SAMさんが挑むシニアダンス- 「医療・介護」とダンスの接点2016.12.14
「ワン、ツー、スリー、フォー、斜め、斜め。オープン、オープン、クロス、クロス。いいですね。皆さん、できてますね」―。
初冬のある日の午後。東京都内のホテルの宴会場の一室で、ダンスを中心とした音楽グループTRFのメンバーの一人でダンサーのSAM(サム)さんが、イベント来場者にダンスの手ほどきをしていた。【君塚靖】
会場は満員で、熱気にあふれていた。来場者はSAMさんの丁寧な説明に聞き入っていた。まずは手首などのストレッチに始まり、続いて両手、両足を上下に動かす手順、その後には足を前後・左右に移動させるステップを教わっていた。約1時間のレッスンの最後には、音楽に合わせてダンスプログラムを通しで踊った。上手にできる人もいれば、何となくステップが怪しい人もいたが、皆笑みがこぼれていた。

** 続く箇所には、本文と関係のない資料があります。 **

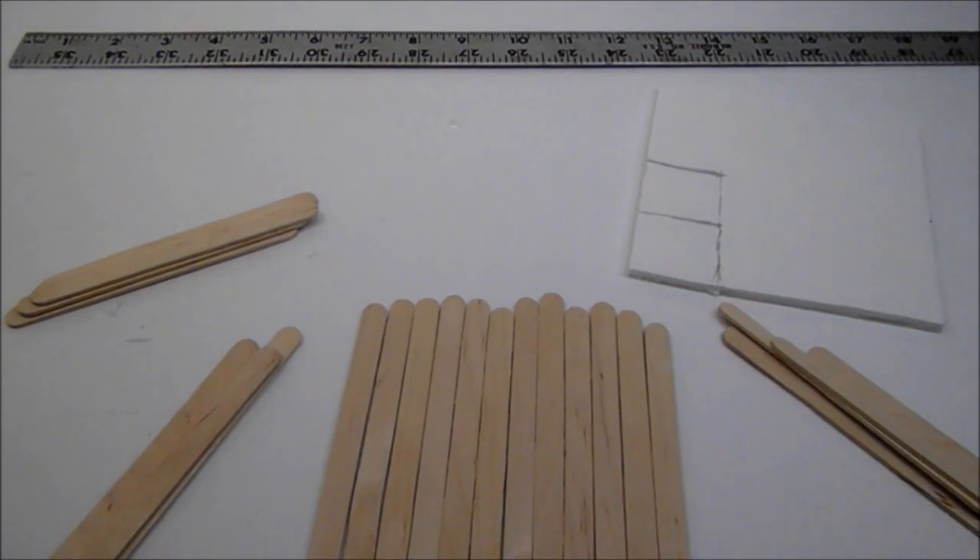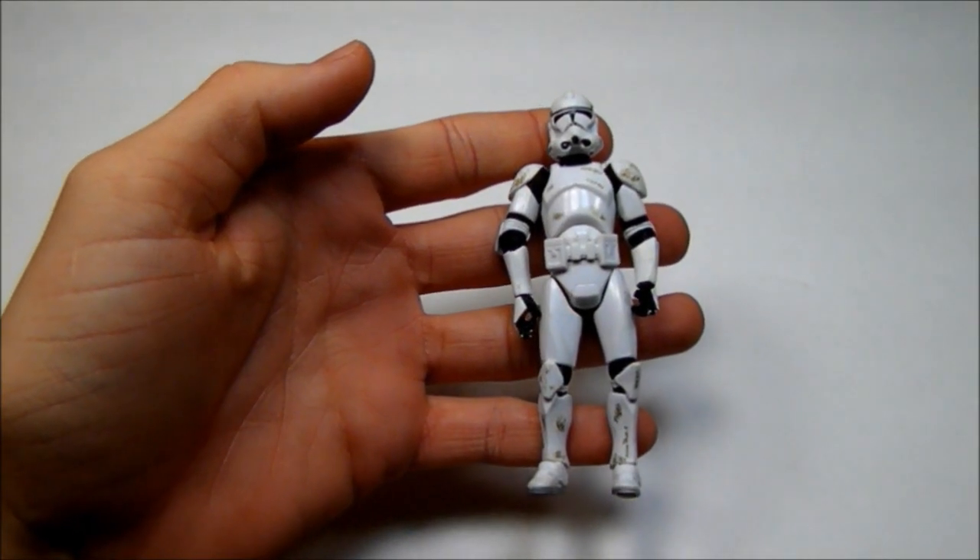How to make a toy table and chair. To make this you're going to need 23 craft sticks and one piece of foam board. For reference I'm going to be using a four inch clone trooper.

SAMさんがプロデュースしたダンスプログラム「ダレデモダンス」は、医師や理学療法士の監修の下、安全性と運動性を兼ね備えていることを売りにしている。高齢でも趣味やさまざまな活動に活発で元気な、いわゆるアクティブシニア層を対象として、プログラムを指導するレッスン会を全国で開催していく予定だ。
SAMさんにインタビューした。
CBnewsの取材に応じるSAMさん
Q、アクティブシニア層向け「ダレデモダンス」をつくったきっかけを教えてください。
今から4年前、TRFの20周年の時に、ファンの皆さんにダンスで還元できないかと考えて、「TRF イージー・ドゥ・ダンササイズ」というDVDを出しました。このダンササイズは、ダンスの経験がない人向けに、シェイプアップや健康増進のためにつくりました。対象年齢は30-40歳代にしていて、プログラムには少し激しい動きも盛り込んでいます。

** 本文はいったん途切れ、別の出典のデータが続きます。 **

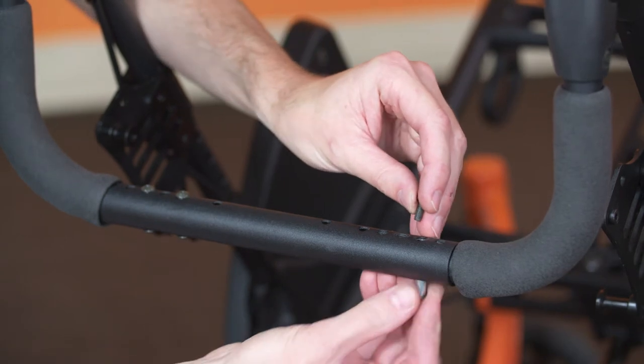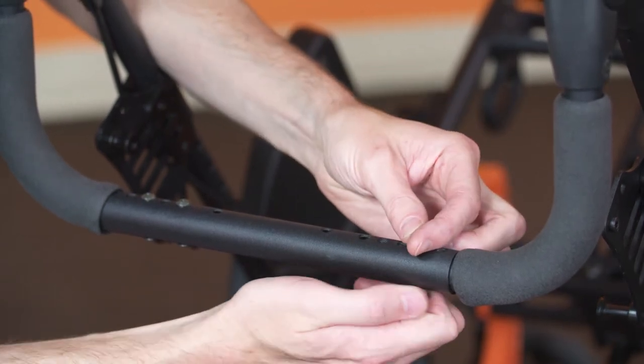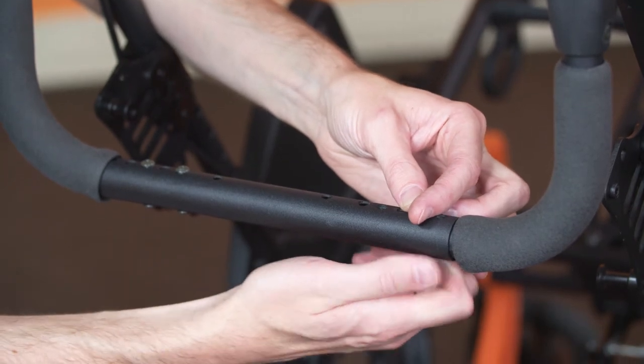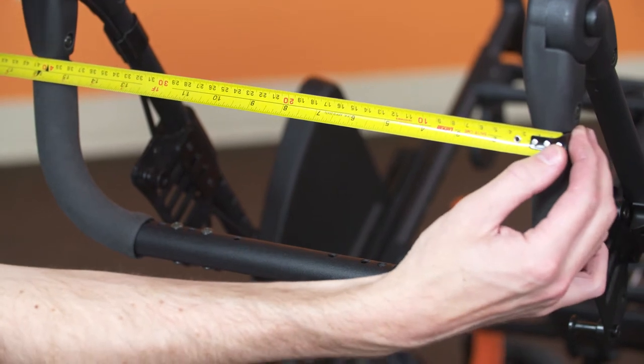If fitted, reinstall the push bar fasteners. Ensure the push bar width matches the lower backrest width.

そのダンササイズの評判がよかったので、もっとダンスの可能性を広げようと、「ダレデモダンス」という一般社団法人を立ち上げました。タイミングとしても、2020年に東京オリンピック・パラリンピックがあるので、それに向けて僕たちの大先輩である高齢の方々に元気になってもらおうと思い、「ダレデモダンス」をつくりました。
自分の母も高齢になっていますし、私の実家は病院なので、高齢者の健康維持には、ロコモティブシンドローム(運動器症候群)やメタボリックシンドロームなどへの対応が重要との話はよく聞いており、ダンスが有効ではないかと以前から考えていました。いとこに心臓リハビリテーションを専門とする医師がいて、心臓リハビリにはダンスがすごくいいというアドバイスもくれました。
Q、シニア向けダンスということで、プログラムをつくる上で注意した点はありますか。
これについては、だいぶ勉強しました。ダンスプログラムは、医師のほかに、理学療法士と協力して考えました。高齢の方もいろいろで、基本的には“元気”な高齢者を対象にしています。健康寿命を延ばすというのが趣旨ですので、何歳になっても自分の足でしっかり歩けることを目標にしています。
大事なのは足腰です。腿上げやキックをすることによって、筋肉が付きます。それにジャンプをすることによって、ふくらはぎを鍛えることができます。プログラムでは、どちらかというと上半身より、下半身に重点を置いています。
また、プログラムの中にはバウンドする動きがあるのですが、理学療法士のアドバイスを参考にして、ひざの悪い人には、ジャンプをする動きに代えてできる別の動きをお勧めしたりしています。そのような注意点も盛り込んでいます。
Q、今後、どのような展開にしたいと思っていますか。
僕は、ストリートダンス出身で、それにこだわってストリートダンスをベースに、「ダレデモダンス」のプログラムをつくりました。日本には、ラジオ体操があります。この体操は、全身運動が盛り込まれていて、素晴らしいプログラムです。「ダレデモダンス」が今後、発展していって、“ラジオダンス”のようなものになって、全国に普及すればうれしいですね。
出典:医療介護CBニュース
セラピストプラス編集部からのコメント
1990年代を席巻した元TRFのメンバーで、ダンサーとしても有名なSAM(サム)さんが医師や理学療法士の監修のもと、プロデュースしたダンスプログラム『ダレデモダンス』が安全性と運動性を兼ね備え、高齢者でも楽しめるプログラムとして注目を集めています。4年前、初心者やダンス未経験者向けにDVD「TRF イージー・ドゥ・ダンササイズ」を出したSAMさんは、さらにダンスの可能性を広げるべく『ダレデモダンス』なる一般社団法人を立ち上げ、高齢者を元気にするダンスを考案しました。ラジオ体操のように、このダンスを誰でも気軽に楽しめるよう、全国各地でレッスン会を開催していく予定です。